Blakelock was the son of an accomplished English-born NY physician. At the age of 17, he entered the Free Academy of the City of New York (1864) interested in art and music (piano) and graduated from the College of the City of NY. In 1866, he left the Academy to paint landscapes and called himself "self taught," although he studied briefly at Cooper Union. A year later (1867) he exhibited emotion-filled Barbizon-colored paintings at the National Academy of Design (NY), where he was ultimately elected. In 1869 he rejected an offer to study in Europe to go via horseback to the West to live among Indians and paint the Rockies, the Sierra Nevadas and eventually cityscapes in San Francisco and Oakland. Although his journey from California, through Mexico to Panama and the West Indies is sketchy, he painted 100s of views of Indian

Encampments (1869-1872) and painted in layers, scraping them away with a knife. He also developed a unique signature of R.A. Blakelock and encircled it with an arrowhead outline.

Blakelock believed an artist should paint from the intellect, experiences and emotions to interpret nature, not depend on a replication of details.

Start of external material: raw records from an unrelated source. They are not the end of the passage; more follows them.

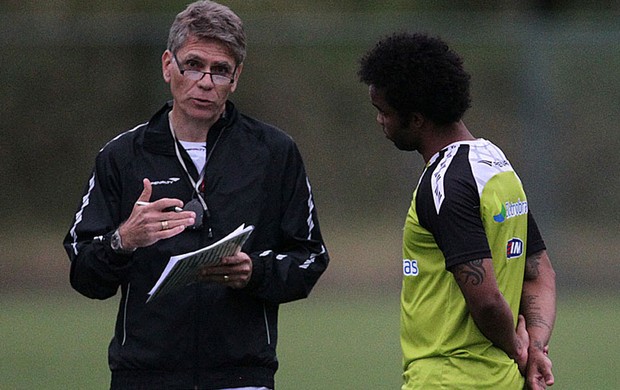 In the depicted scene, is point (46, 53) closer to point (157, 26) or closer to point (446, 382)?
point (157, 26)

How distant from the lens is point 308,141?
15.3m

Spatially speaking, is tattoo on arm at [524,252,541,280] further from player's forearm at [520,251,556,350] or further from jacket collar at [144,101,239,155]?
jacket collar at [144,101,239,155]

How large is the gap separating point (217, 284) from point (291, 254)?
33 centimetres

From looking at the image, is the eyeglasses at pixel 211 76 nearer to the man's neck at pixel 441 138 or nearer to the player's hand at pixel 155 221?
the player's hand at pixel 155 221

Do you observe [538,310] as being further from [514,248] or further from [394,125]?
[394,125]

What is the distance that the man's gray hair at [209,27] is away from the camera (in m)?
5.02

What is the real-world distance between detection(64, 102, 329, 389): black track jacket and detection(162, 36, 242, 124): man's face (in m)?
0.08

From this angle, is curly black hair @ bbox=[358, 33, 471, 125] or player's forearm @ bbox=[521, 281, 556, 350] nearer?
curly black hair @ bbox=[358, 33, 471, 125]

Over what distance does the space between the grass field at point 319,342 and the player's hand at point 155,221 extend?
470 cm

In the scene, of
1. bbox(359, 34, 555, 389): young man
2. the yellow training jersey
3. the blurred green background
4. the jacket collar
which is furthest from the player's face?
the blurred green background

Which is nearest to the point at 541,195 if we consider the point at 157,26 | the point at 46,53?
the point at 157,26

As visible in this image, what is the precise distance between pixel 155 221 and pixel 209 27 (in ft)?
2.81

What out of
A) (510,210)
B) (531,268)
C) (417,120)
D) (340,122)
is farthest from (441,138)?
(340,122)

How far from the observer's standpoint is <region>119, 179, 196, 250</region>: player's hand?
4551 mm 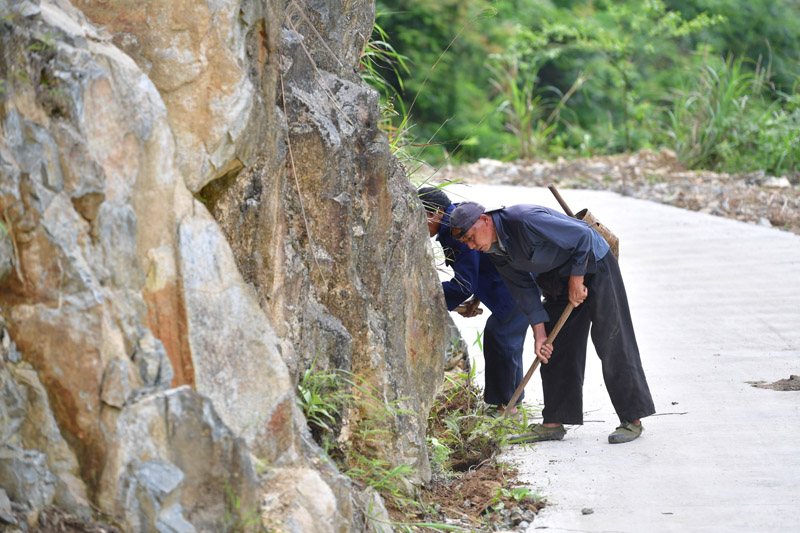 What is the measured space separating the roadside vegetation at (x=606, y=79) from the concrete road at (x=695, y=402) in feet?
9.70

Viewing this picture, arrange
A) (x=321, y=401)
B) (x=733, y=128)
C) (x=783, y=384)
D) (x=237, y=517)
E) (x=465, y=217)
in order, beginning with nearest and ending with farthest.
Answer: (x=237, y=517) → (x=321, y=401) → (x=465, y=217) → (x=783, y=384) → (x=733, y=128)

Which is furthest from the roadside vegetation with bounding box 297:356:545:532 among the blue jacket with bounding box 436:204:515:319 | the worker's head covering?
the worker's head covering

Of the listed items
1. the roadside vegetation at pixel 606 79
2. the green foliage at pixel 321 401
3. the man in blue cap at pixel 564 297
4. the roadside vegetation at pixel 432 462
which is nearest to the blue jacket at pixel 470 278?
the man in blue cap at pixel 564 297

Blakelock returned to New York City (ca. 1876) and painted romanticism with a loose palette that imitated the French Impressionists but his use of dark somber colors seemed to be influenced by the Barbizon school. In 1877 he married and became somewhat well known for moody, nocturnal scenes depicting trees silhouetted against a luminous sky. Because his style was "foreign" to what patrons considered collectible, Blakelock lived for years in abject poverty with his wife and nine children and jumped at the chance to sell 33 paintings to a NY dealer for $100. As dealers took advantage of Blacklock, he became despondent and increasingly eccentric and the day his ninth child was born came his mental collapse. The goal to earn enough money upon which to live became too stressful, the artist became overly violent, was moved to an asylum in Middletown, NY (1899), was diagnosed a paranoid schizophrenic and incarcerated for 20 years, left to paint on paper images of the money that had eluded him.

Although Blakelock sold Brook at Midnight to a dealer for less than $10, in 1916 the Toledo Art Museum purchased it for a reported $20,000 and the public considered Blakelock in vogue. The artist still lived in an asylum and his family in a one-room shack in a Catskill ravine. Blakelock's daughter Marian began to paint landscapes and when her work was signed with her father’s signature by a NY dealer, she ended up in an asylum in 1915. Tragically, until 1916 Blakelock lived in an asylum and was re-hospitalized frequently until his August 9, 1919 death. Although in 1913 he sold a painting for $13,900, he never fully realized his art work was selling for thousands of dollars or knew he had been accepted as an American painting master. At the time of his death, he was considered the most famous artist in America.